Write a function called random_sent(source_file, length) that takes in two parameters:

●   source_file is a string representing the name of a file in the current directory, which we’ll use as a basis for producing our text

●   length is an integer representing the number of words in our output text

The function should do the following:

   Open the target source file for reading (you can assume that it exists).

●   Read in the entire file as one gigantic string.

●   Use .split() with no arguments to split the whole file into a list of words” .  There will   still be some punctuation attached to some of the words, but you should actually leave it in - it often makes the output sentences more convincing.

●   Make a dictionary counting how many times each word” appears in the list.
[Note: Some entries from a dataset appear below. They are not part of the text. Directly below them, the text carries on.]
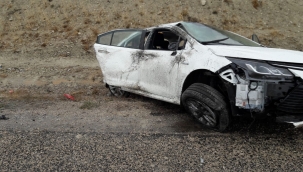 Otomobil takla attı: 1'i ağır 3 yaralı 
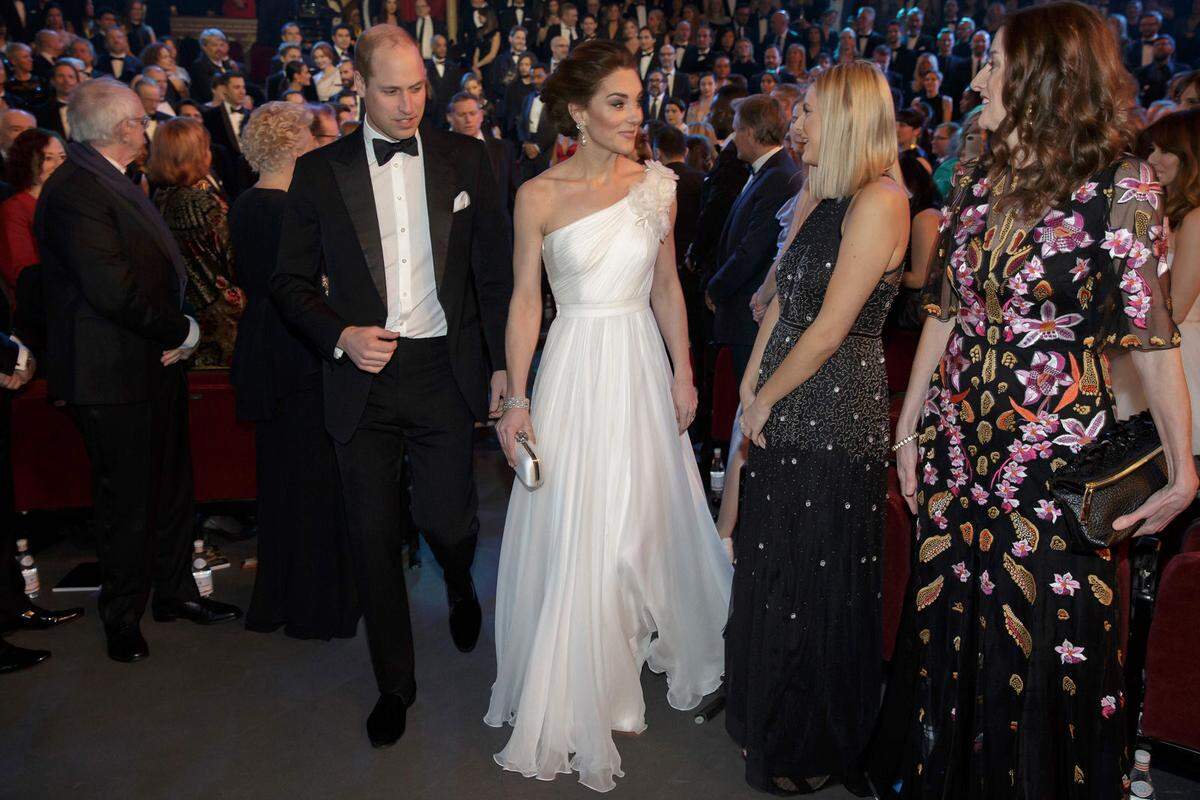 Herzogin Catherine und Prinz William waren mit von der Partie. Die 37-Jährige trug ein weißes Kleid von Alexander McQueen und Ohrringe, die früher Prinzessin Diana gehörten.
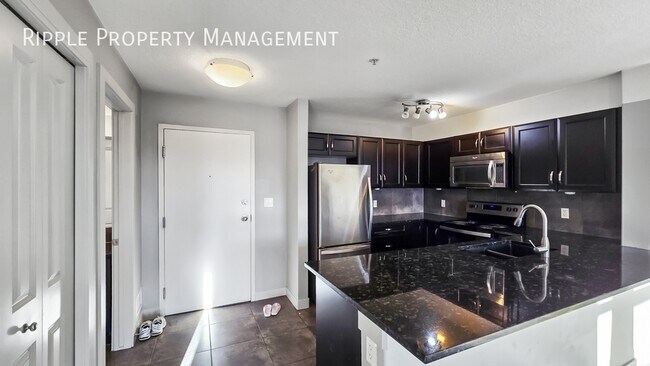 Photo du bâtiment - Fantastic 1 Beds, 1 Baths Apartment/Condo ...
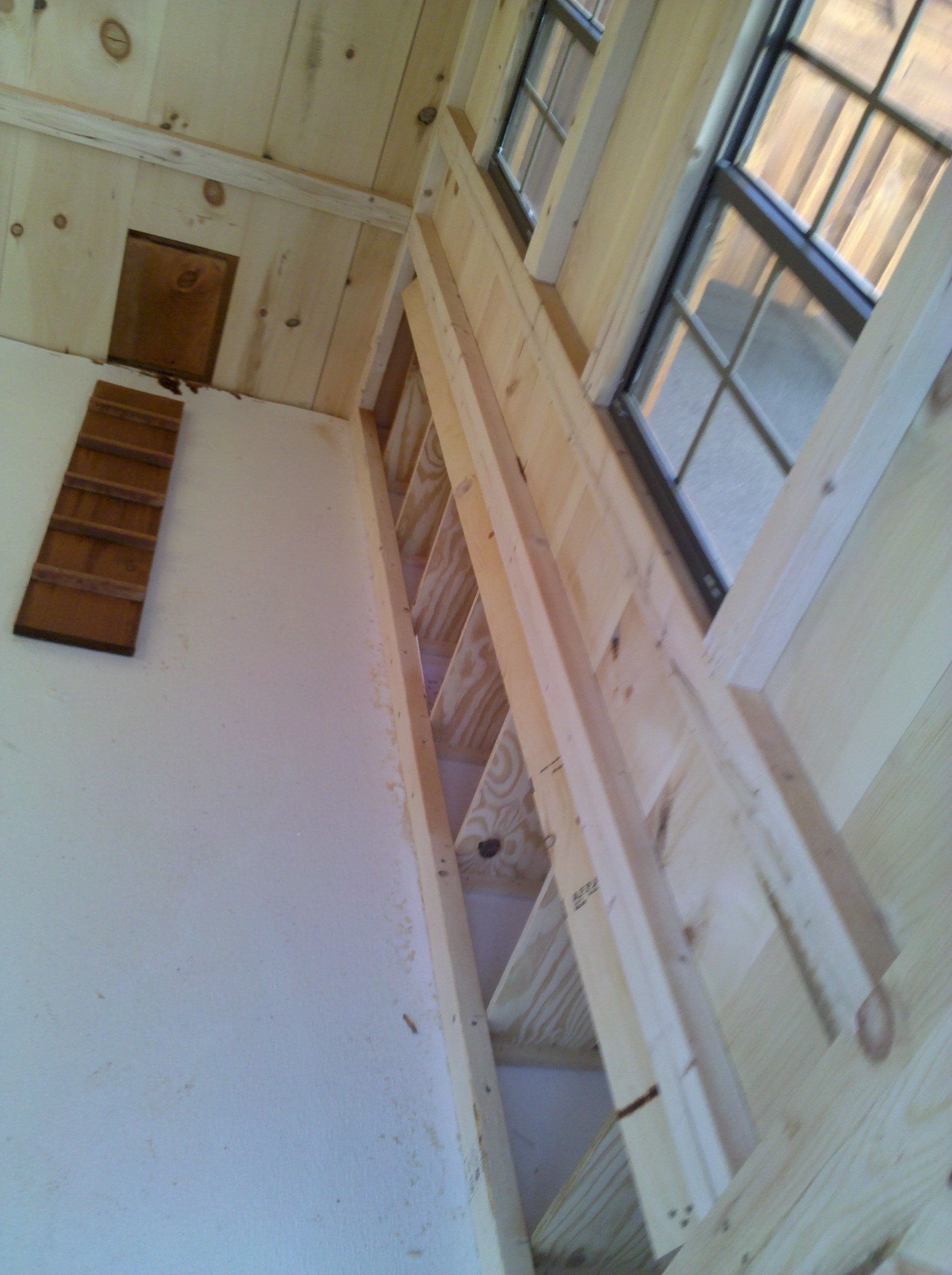 Quaker Coop 6x20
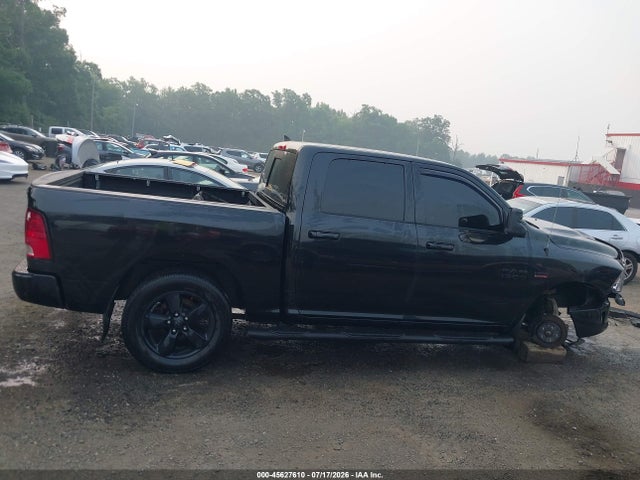 45627610 :رقم المزاد ، 1C6RR7LT3KS535608 vin ، 2019 Ram 1500 Classic Big Horn  4x4 5'7 Box مزاد بيع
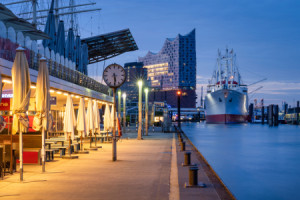 Bild Glas-Schneidebrett - Hamburger Hafen Bei Nacht oder mit Eigene...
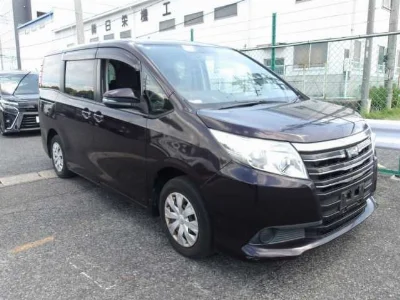 TOYOTA NOAH 2015 с аукциона, 2000cc, пробег 112 000 км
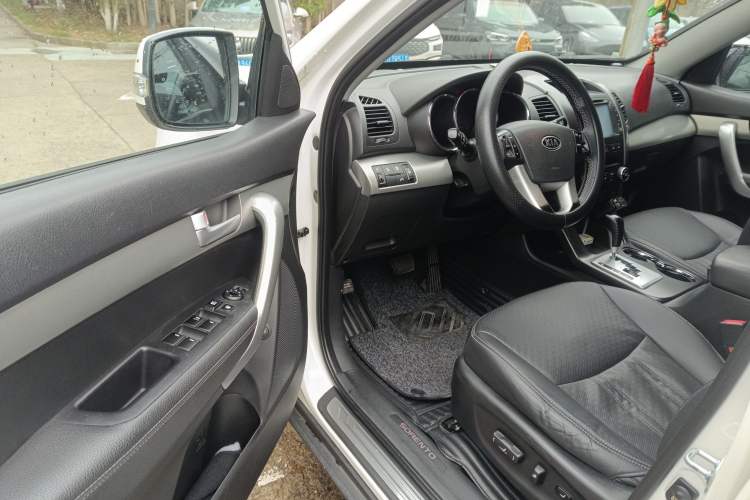 Used Kia Sorento 2012 2.2T Diesel Luxury Edition Driver Seat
Note that this will count words that contain the same letters but different punctuation or               capitalization as different words”, and that’s fine.

From here, the function needs to return a string containing length words, separated by spaces.
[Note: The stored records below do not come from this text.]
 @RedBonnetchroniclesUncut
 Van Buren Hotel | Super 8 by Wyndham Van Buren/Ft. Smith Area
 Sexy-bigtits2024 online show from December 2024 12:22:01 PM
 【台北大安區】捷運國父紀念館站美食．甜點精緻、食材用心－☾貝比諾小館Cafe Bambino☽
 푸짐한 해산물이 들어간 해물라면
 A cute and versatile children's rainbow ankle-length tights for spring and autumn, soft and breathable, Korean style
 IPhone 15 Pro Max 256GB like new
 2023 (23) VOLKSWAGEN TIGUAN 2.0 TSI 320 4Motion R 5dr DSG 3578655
The first word in the output text must be chosen by passing in the dictionary of word counts into the weighted_choice function from problem A: this means that the word will always be one  that appears in the given file, and the more often a given word appears in the file the more likely it will be the one to start our output text.

How the rest of the words in the sentence are generated is up to you.

●   To do this the easy way, just use the same process you used for the first word to generate all the remaining words using a weighted random choice.

●   But, if you want to get an output which is a bit closer to being coherent English, you        should instead try to follow the rule: If word A immediately follows word B in the output string, then word A must have immediately followed word B somewhere in the input text.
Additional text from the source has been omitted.